Activity-restoring mutations in the histamine H(3) receptor increase constitutive activity and reduce structural stability.

The histamine H(3) receptor (H(3)R) is a class A G protein-coupled receptor (GPCR) that regulates neurotransmitter release in the central nervous system. Although structures of H(3)R in both inactive and active states have been elucidated, the functional roles of specific residues remain unclear. We previously identified four point mutations-L73(2.43)M, F193(ECL2)S, S359(6.36)Y, and C415(7.56)R-that restore signaling in yeast, where wild-type H(3)R is otherwise inactive. Here, we show that these mutations also enhance constitutive (ligand-independent) activity. All six possible double mutants exhibited markedly increased basal activity, indicating that these mutations act cooperatively to shift the conformational equilibrium toward the active state. In mammalian cells, all single mutations also increased constitutive activity compared with the wild-type receptor. Additional mutagenesis at and around the four sites revealed that activity restoration cannot be explained solely by steric clashes introduced by residue substitution.
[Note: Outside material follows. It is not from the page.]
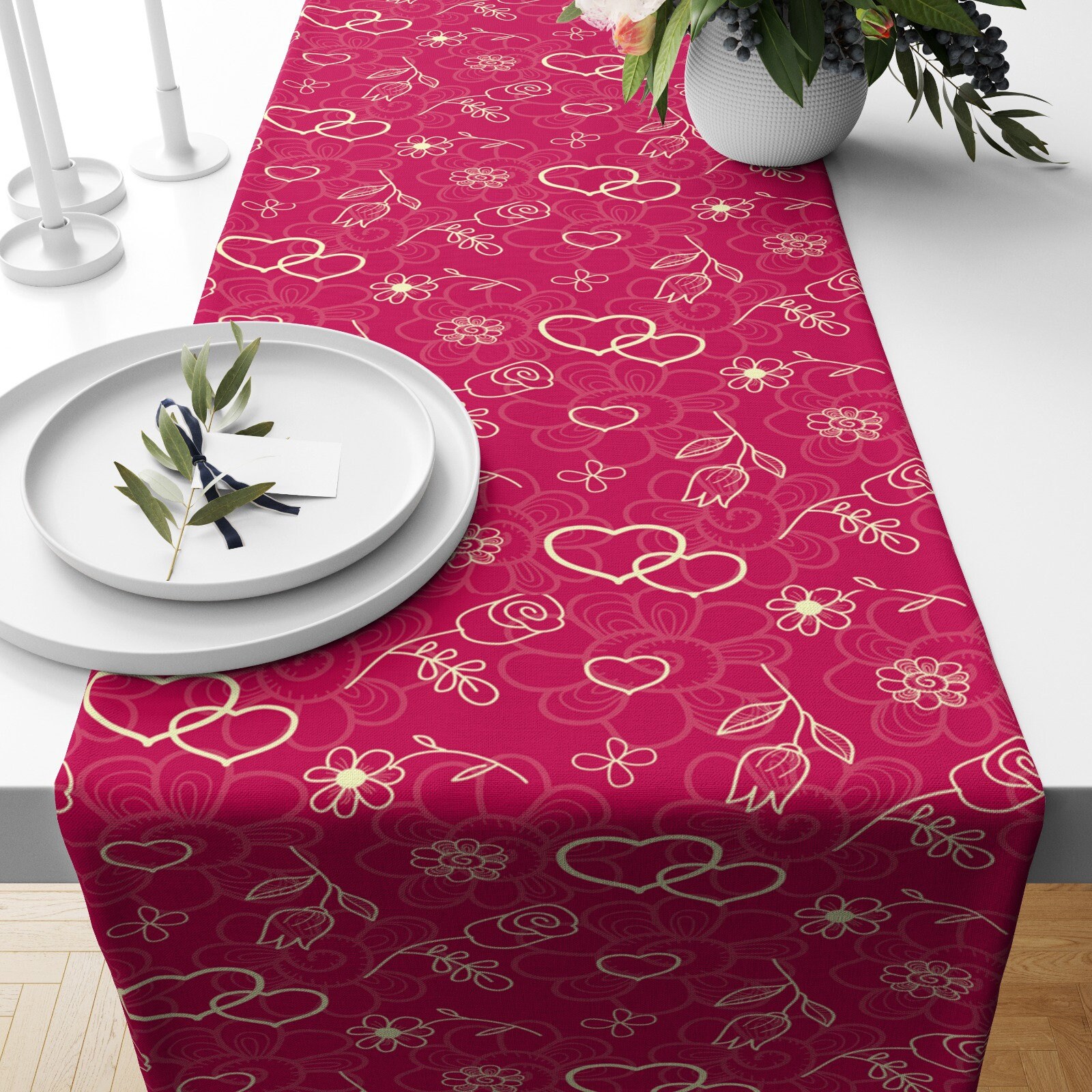 OWENIE Runner da Tavola con Design Ricamato a Cuore Rosso per Decorazioni Matrim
Radioligand binding assays showed minimal changes in histamine affinity, implying that the mutations affect receptor function through conformational modulation. FSEC and FSEC-TS analyses further demonstrated that increased constitutive activity correlates with reduced structural stability. When the same mutations were introduced into the histamine H(1) receptor (H(1)R), only the C471(7.56)R mutant enhanced signaling, suggesting that the functional consequences of these mutations are receptor dependent. Collectively, our findings reveal a close relationship between structural destabilization and constitutive activation in H(3)R, while also underscoring the complexity of GPCR activation.